Ethanol and corn producers continue to claim 15% ethanol fuel is safe for year-round use. However, courts have overturned a waiver of limits on Reid Vapor Pressure. In its last legal avenue to overturn previous rulings, Growth Energy is asking the United States Supreme Court to consider its case.
Growth Energy filed Monday a petition for certiorari in the United States Supreme Court, asking the Court to review a D.C. Circuit opinion in American Fuel & Petrochemical Manufacturers, et al. vs. EPA, in which the D.C. Circuit vacated a 2019 EPA rule allowing year-round sales of a 15% ethanol fuel blend.
“We are asking the U.S. Supreme Court to review this decision because it is not in line with important court precedent on statutory interpretation and because of its detrimental environmental impacts,” says Growth Energy in a statement.
The Clean Air Act prohibits the summertime sale of gasoline whose volatility, measured in Reid Vapor Pressure, exceeds 9 pounds per square inch. Blending ethanol into gasoline increases the gasoline’s volatility. So, to promote the use of ethanol in gasoline, the Act includes an ethanol waiver that increases the summertime volatility limit by 1 pound per square inch for fuel blends containing gasoline and 10% denatured anhydrous ethanol. The question presented is whether EPA may interpret the ethanol waiver provisions to apply to fuel blends who concentration of ethanol exceeds 10%.

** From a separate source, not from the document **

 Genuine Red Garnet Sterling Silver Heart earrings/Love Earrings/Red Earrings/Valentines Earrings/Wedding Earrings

The D.C. Circuit decision overturned EPA’s interpretation of a provision of the Clean Air Act that extended a waiver of limits on RVP, a measure of fuel volatility, to E15. Growth Energy argues that the decision did not give proper deference to EPA, contradicted Congressional intent in promoting renewable fuels, and would suppress the expansion of higher-blend renewable fuels in the future.

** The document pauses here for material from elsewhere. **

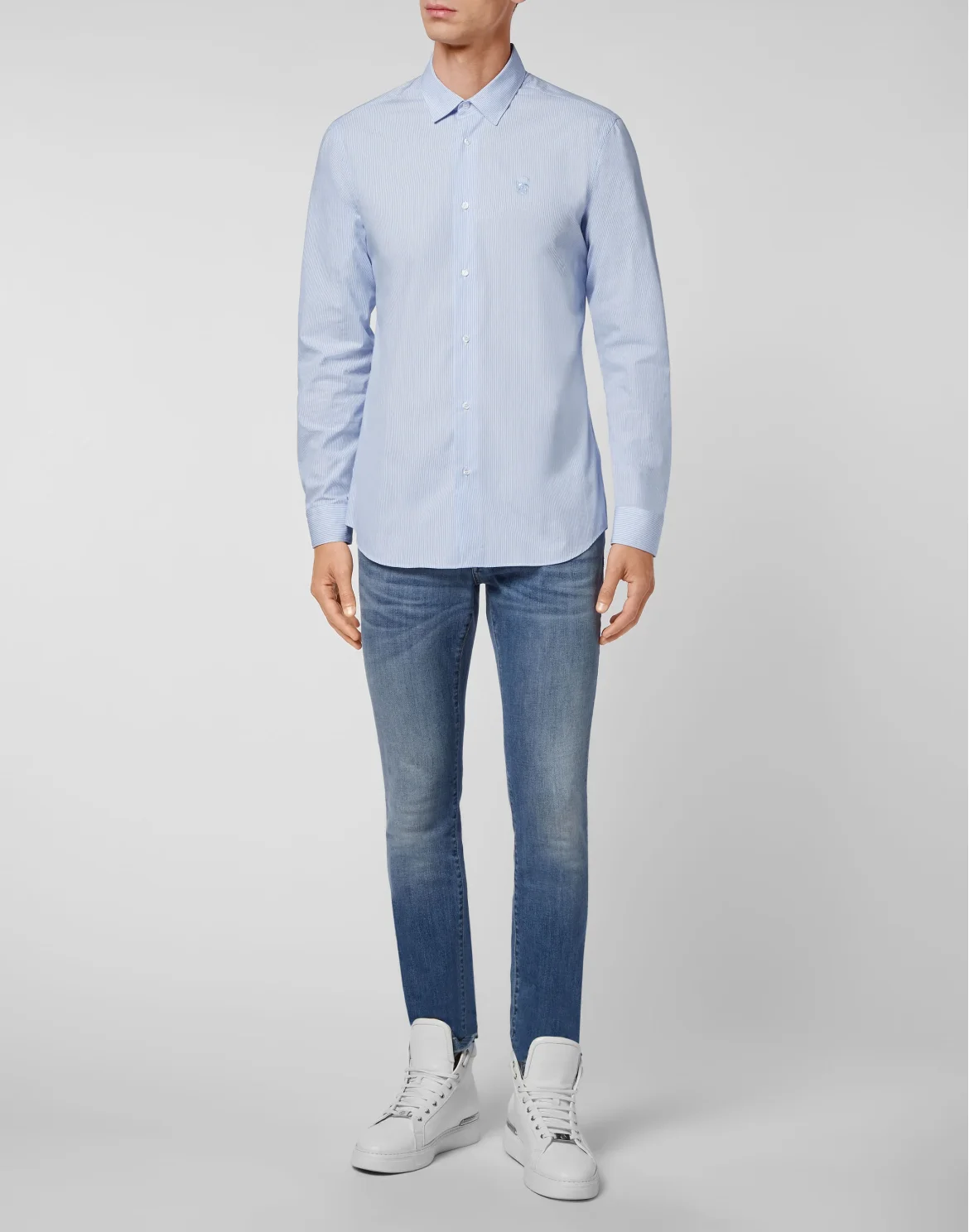 Shirt Playboy Fit Pinstripe Plein, цвет: Голубой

In June 2019, EPA issued its final rule extending a waiver of RVP volatility limits to E15, allowing the fuel to be sold year-round in conventional gasoline markets. Shortly thereafter, oil refiners challenged the rulemaking in the D.C. Circuit Court of Appeals in an attempt to undermine the expansion of biofuels in our nation’s fuel supply.
"In 2019, EPA paved the way for the sale of E15 year-round. Its decision was not only a win for the biofuels industry, our ag partners, and rural America, but for the environment and all drivers nationwide. Low-carbon biofuels like ethanol burn cleaner and reduce greenhouse gas emissions by 46% compared to gasoline,” Growth Energy notes. “E15 is approved for use in 95% of cars on the road; year-round consumer access to this higher blend of biofuel will further decarbonize our current auto fleet.”
Growth Energy participated as an intervenor in the case in support of the RVP rule. Growth Energy’s brief provided strong support for EPA’s position that parity in RVP waivers for E10 and E15 is consistent with the text of the Clean Air Act and with Congressional intent. Growth Energy argued that because fuel volatility and evaporative emissions decrease when ethanol fuel blends increase beyond E10 (a 10-percent ethanol fuel blend), extending the RVP waiver from E10 to E15 furthers Congress’s interest in promoting the environmental benefits of renewable fuels. The industry group also participated in oral arguments for the case.
On July 2, 2021, the D.C. Circuit Court of Appeals vacated the 2019 rule. On Aug. 16, 2021, Growth Energy, RFA and NCGA filed a petition for rehearing with the D.C. Circuit, asking the three-judge panel and the full court to rehear the case because the decision conflicted with binding precedent and had exceptionally significant consequences for the biofuels industry and others. This court denied the petition on Sept. 9, 2021.
National Corn Growers Association President Chris Edgington, a farmer from Iowa, concedes there are no easy answers on the year-round E15. With Growth Energy’s petition to the Supreme Court, this is the last avenue on the legal front, he explains.
Edgington says NCGA will continue to work with whatever other avenues become available and continue to push the value of E15 year-round use. “We do have Congressional champions to add a few words to legislation to allow E15 to be sold year-round,” Edington says.